Dive into Summer reading season with “Mexican Gothic”, a captivating gothic tale sure to appeal to both horror fans and literary lovers.
When thinking of gothic horror, 1950’s Mexico is one of the last places that come to mind. Silvia Moreno-Garcia’s novel Mexican Gothic brings the glitzy character of socialite Noemí Taboada and throws her into a place of despair and ruin. It’s a refreshing take that keeps true to the genre’s key elements and creates a story as memorable as it is horrific.
Upon receiving a nonsensical letter from Catalina Doyle, Noemí is sent from Mexico City to the countryside to investigate her newlywed cousin’s mysterious ailment. When she arrives at High Place, she is met with more questions and secrets the Doyles wish to keep buried deeper than the caverns of their closed silver mines. Her sass and glamour make her stand out from the crumbling estate’s walls, and her micro-aggressive hosts make it clear that it is not a place she belongs.
“Heroine” is not the first word that comes to mind when readers meet Noemí.

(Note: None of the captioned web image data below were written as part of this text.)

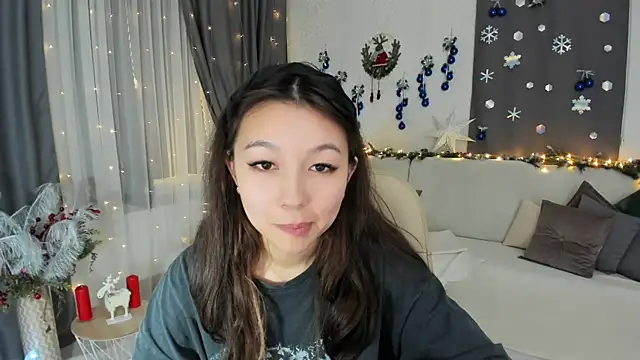 AgnieszkaBanana online show from 12-28-24, 10:25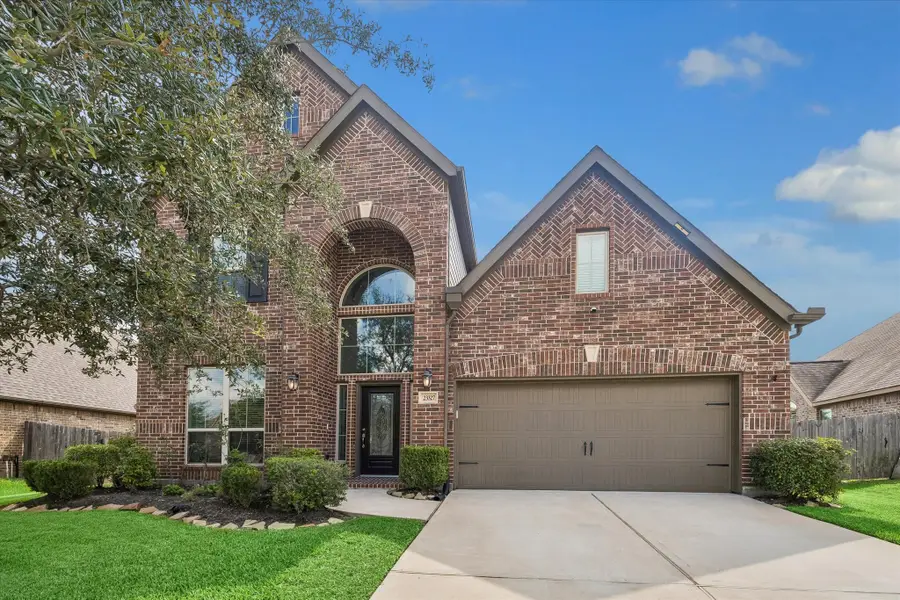 23327 Tirino Shores Drive, Katy, TX 77493 - #2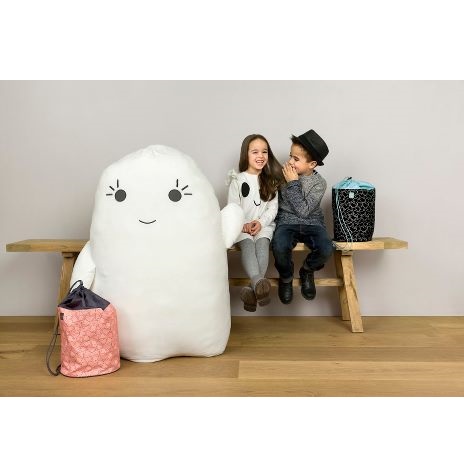Jumppakassi Lässig Spooky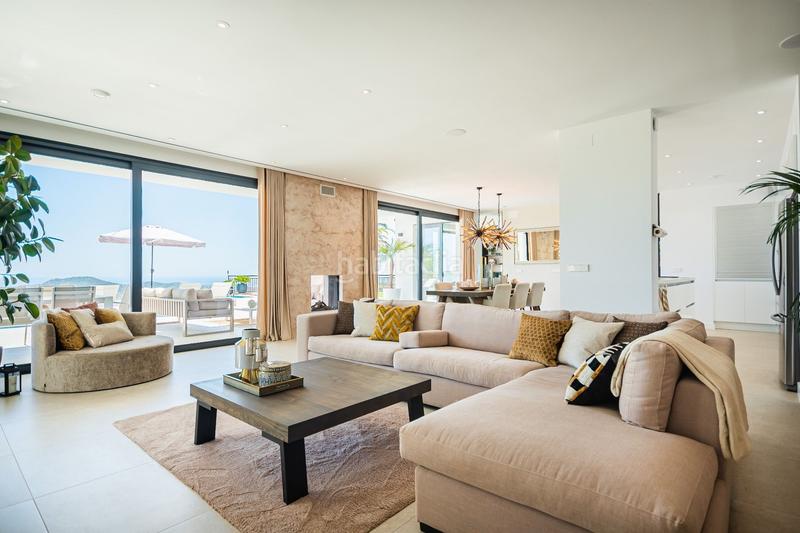 Foto 05b04fca-af3e-4fd3-8f8d-92eef0e21d23. Chalet con riscaldamento piscina in Golf Bahía Finestrat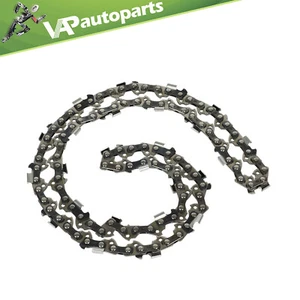 14" 3/8" .043" Chainsaw Chain 52DL Gauge for Polesaw PP720R PP5000P RM2599 79246 - Picture 1 of 6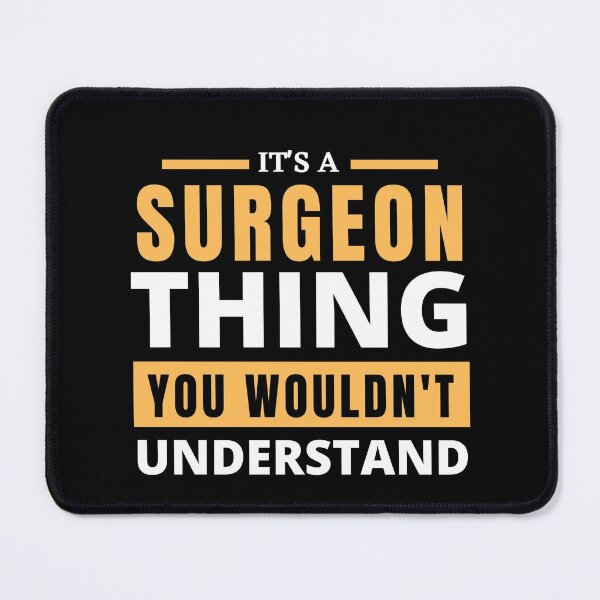 Item preview, Surgeon designed and sold by T-shirtgallery.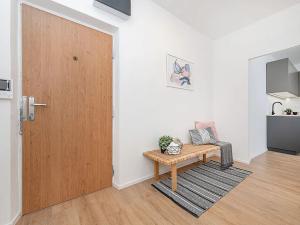 Prodej bytu 3+kk, Praha - Záběhlice, Práčská, 55 m2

She seems more concerned with socializing and her freedom than anything else. As passionate as she is intelligent, her love for her cousin and unwillingness to ignore her cry for help leads her into a darkness that she never knew existed. Plagued with nightmares and constant self-doubt, she’s a relatable character that continues to push forward in search of the truth.
Moreno-Garcia lures readers into the molding walls of High Place, a former grade estate that is a decaying shadow of its former self.
There’s an immediate level of anxiety from the moment Noemí steps onto the grounds.
What starts as innocuous unease gradually peels away to reveal the monstrous secrets and ideologies of the Doyle family. The estate takes on its own spectral persona, slowly suffocating both Noemí and the reader and leaving them itching for an escape. The language Moreno-Garcia uses paints a vividly bleak image of the suffocating mansion atop the mountain.
The mystery’s grip on me was immediate and only left a small trail of breadcrumbs to lead me into the next twist.
When I realized what was happening, I was thoroughly disgusted, horrified, and unable to put the book down. The true villains are far worse than any haunting as there’s a heavy focus on the horror of being a woman of color under the white male gaze.
Much of the novel is spent building tension in true gothic horror style and laying the foundation for subtle yet ever-present terror.
Despite this, the plot remains gripping, leading up to the moment that the tension finally breaks.
With its recent acclimations and success, it’s no surprise that Mexican Gothic has caught the eyes of television producers. Penguin Random House has confirmed that Hulu will be adapting it into a limited series produced by Kelly Ripa and Mark Consuelos. I’ll definitely be tuning in when it premiers, and I’d highly encourage anyone who enjoyed Crimson Peak to add it to their list as well.
Moreno-Garcia’s Mexican Gothic is a triumph of gothic horror with an appeal to many audiences.
Horror fans will be fascinated with the story’s lore, mystery lovers will be thrilled piecing together the odd occurrences at High Place, and bookworms will love the beautiful prose among the dark plotlines. It’s a fantastic step into the world of literary horror and is an absolute must-read.